The easiest way to extract features from a labelled database of the form described in the previous section is by loading in each of the utterance structures and dumping the desired features.
Using the same mechanism to extract the features as will eventually be
used by models built from the features has the important advantage of
avoiding spurious errors easily introduced when collecting data. For
example a feature such as n.accent
in a Festival utterance will
be defined as 0 when there is no next accent. Extracting all the
accents and using an external program to calculate the next accent may
make a different decision so that when the generated model is used a
different value for this feature will be produced. Such mismatches
in training models and actual use are unfortunately common, so using
the same mechanism to extract data for training, and for actual
use is worthwhile.
The recommedn method for extracting features is using the festival script dumpfeats. It basically takes a list of feature names and a list of utterance files and dumps the desired features.

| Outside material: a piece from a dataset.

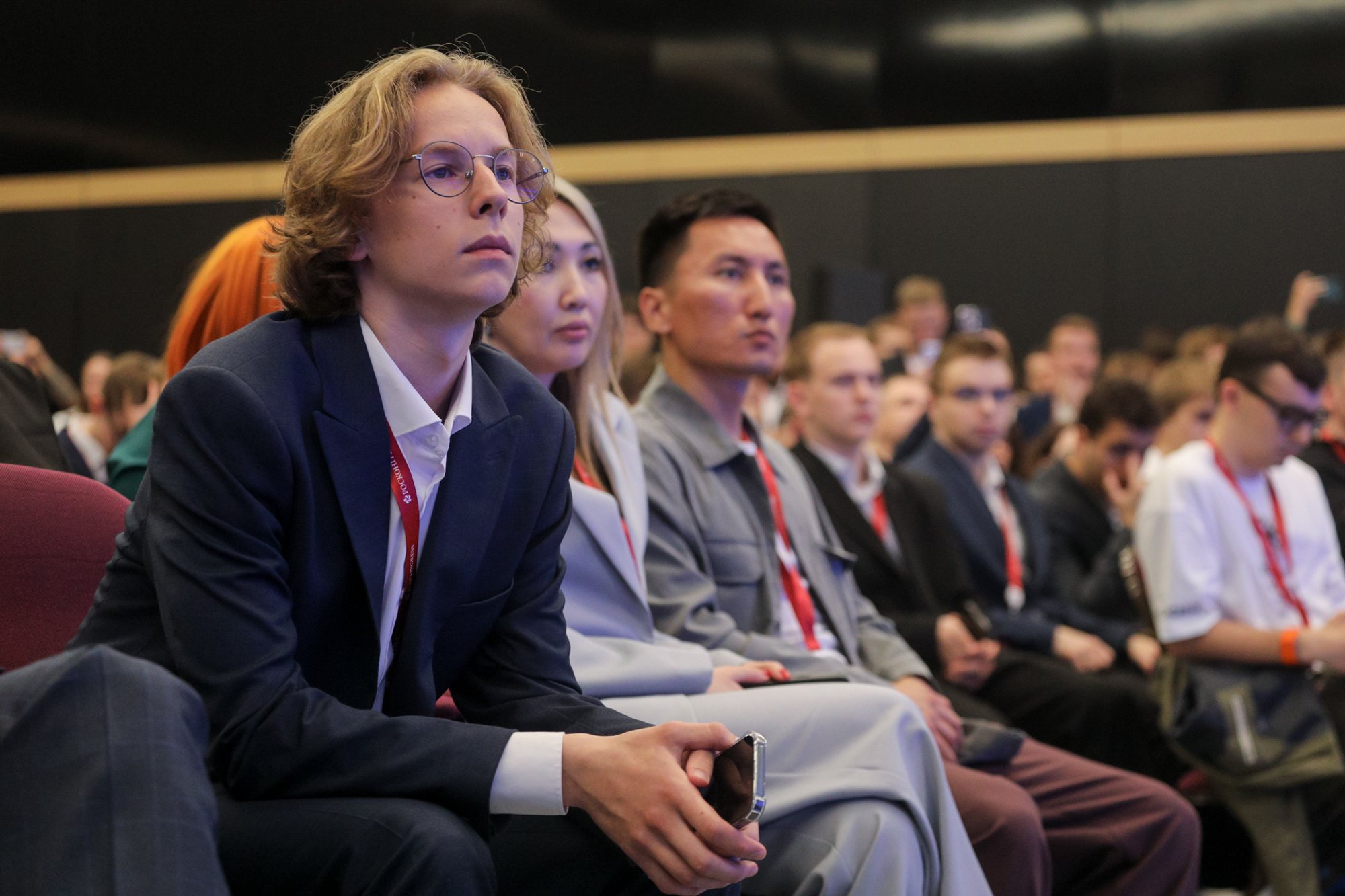 Conference attendees seated in auditorium rows; foreground shows a light‑haired person in a dark blazer holding a smartphone, several people wearing red conference lanyards.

Features may be dumped into a single file or into separate files one for each utterance. Feature names may be specified on the command line or in a separate file. Extar code to define new features may be loaded too.

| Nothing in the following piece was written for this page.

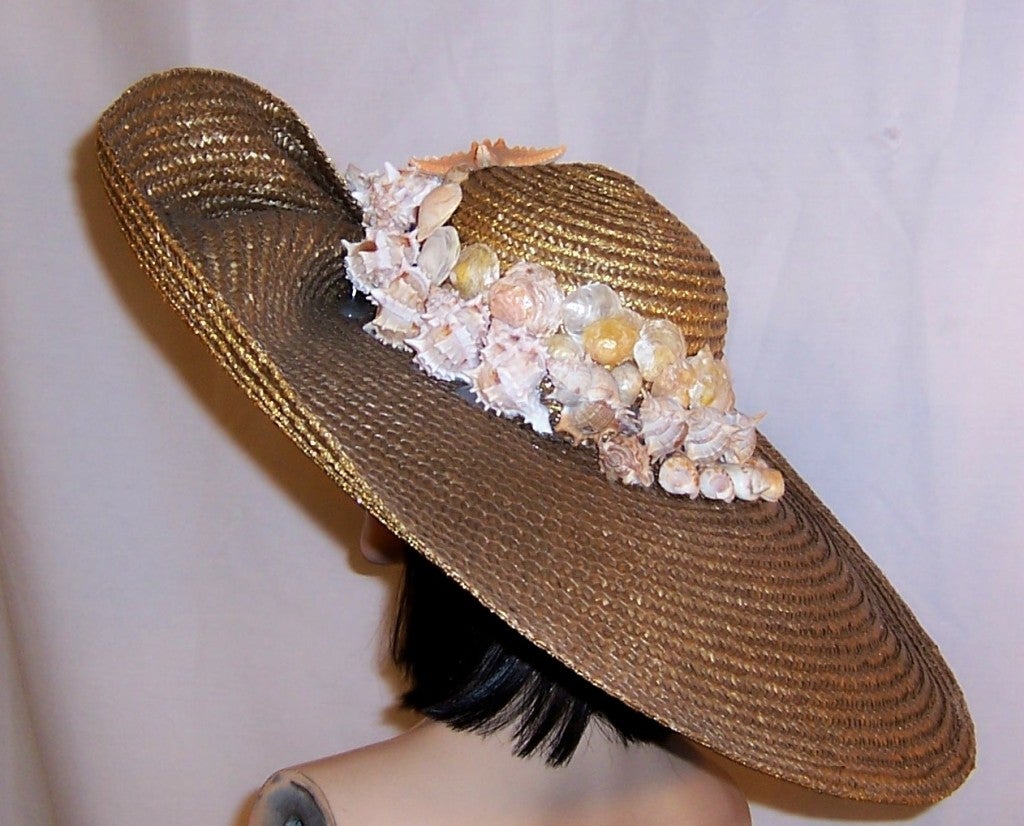 Offered for sale is this unusual and unique, one-of-a-kind, large metallic gold beach hat which has been embellished with a variety of sea shells and a singular starfish at the front and center of its crown.  The hat measures approximately 25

For example suppose we wanted to save the features for a set of utterances include the duration, phone name, previous and next phone names for all segments in each utterance.
dumpfeats -feats "(segment_duration name p.name n.name)" \ -output feats/%s.dur -relation Segment \ festival/utts/*.utt
This will save these features in files named for the utterances they come from in the directory feats/. The argument to -feats is treated as literal list only if it starts with a left parenthesis, otherwise it is treated as a filename contain named features (unbracketed).

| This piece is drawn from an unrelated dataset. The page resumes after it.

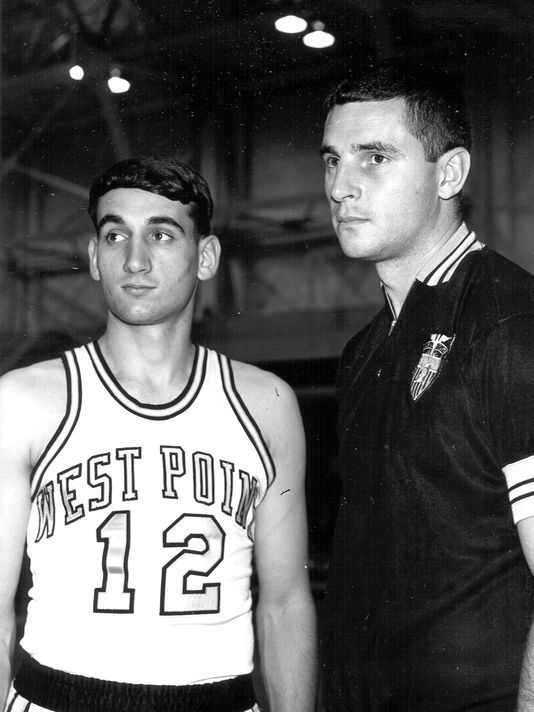 Mike Krzyzewski, point guard at Army in basketball jersey with Bob Knight, coach at Army Academy in 1960's.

Extra code (for new feature definitions) may be loaded through the -eval option. If the argument to -eval starts with a left parenthesis it is trated as an s-expression rather than a filename and is evaluated. If argument -output contains "%s" it will be filled in with the utterance's filename, if it is a simple filename the features from all utterances will be saved in that same file. The features for each item in the named relation are saved on a single line.